# Off Topic > Suggestions for Improvement >  > [SOLVED] Issue - No Reply Option in Visitor Messages (For Me I Think)

## :) Sixthsense :)

I am unable to give reply to the Visitor Messages  :Confused: 

Any suggestion how to do it?  :Smilie:

----------


## arlu1201

You are not able to see the "View Conversation" button?

----------


## :) Sixthsense :)

When I click View Conversation, just a blank window appears.

No message is displaying and no reply button and all  :Frown:

----------


## arlu1201

Try clearing cache, logging out and logging in again. 

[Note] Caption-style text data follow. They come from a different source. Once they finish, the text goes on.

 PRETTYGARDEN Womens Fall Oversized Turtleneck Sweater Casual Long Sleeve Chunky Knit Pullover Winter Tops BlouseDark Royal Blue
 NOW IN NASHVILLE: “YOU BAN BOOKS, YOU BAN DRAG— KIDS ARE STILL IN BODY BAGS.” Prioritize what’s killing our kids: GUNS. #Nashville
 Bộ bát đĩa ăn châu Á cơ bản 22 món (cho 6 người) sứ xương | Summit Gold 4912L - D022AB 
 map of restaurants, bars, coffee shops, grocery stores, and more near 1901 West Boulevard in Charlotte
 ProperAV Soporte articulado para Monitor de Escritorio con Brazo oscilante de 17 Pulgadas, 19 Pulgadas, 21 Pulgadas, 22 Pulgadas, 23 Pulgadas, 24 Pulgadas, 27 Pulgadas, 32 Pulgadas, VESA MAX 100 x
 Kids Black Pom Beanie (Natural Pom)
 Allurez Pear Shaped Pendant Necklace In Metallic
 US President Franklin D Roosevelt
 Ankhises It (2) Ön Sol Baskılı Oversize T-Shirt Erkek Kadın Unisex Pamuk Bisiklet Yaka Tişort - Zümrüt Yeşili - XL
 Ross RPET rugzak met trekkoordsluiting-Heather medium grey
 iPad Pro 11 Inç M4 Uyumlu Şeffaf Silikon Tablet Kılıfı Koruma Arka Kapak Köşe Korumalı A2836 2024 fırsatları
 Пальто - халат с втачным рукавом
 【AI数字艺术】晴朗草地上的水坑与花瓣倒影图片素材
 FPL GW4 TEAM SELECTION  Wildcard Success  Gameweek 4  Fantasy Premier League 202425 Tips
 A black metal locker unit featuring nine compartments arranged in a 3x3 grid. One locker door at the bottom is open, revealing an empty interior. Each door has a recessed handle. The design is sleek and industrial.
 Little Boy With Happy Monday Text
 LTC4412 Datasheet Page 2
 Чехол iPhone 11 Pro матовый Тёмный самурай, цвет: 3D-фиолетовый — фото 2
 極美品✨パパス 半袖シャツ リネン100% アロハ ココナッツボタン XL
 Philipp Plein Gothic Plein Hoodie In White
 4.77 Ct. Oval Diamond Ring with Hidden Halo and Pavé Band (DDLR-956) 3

Your visitor message setting is the same as it was earlier.

----------


## :) Sixthsense :)

Hi arlu1201,

This is not happening today or yesterday, I was facing this issue for more than 3 to 6 months  :Frown: 

Please check in my login so that you can get the clear picture what's happening at my end  :Smilie:

----------


## arlu1201

Are you able to reply now?  Please check and confirm.

----------


## :) Sixthsense :)

Yes, Now I can able to view the conversations with a reply option also  :Smilie: 

I tested it and its working fine..... :EEK!: 

Thanks a lot for fixing the issue  :Smilie:   :Wink:   :Smilie:

----------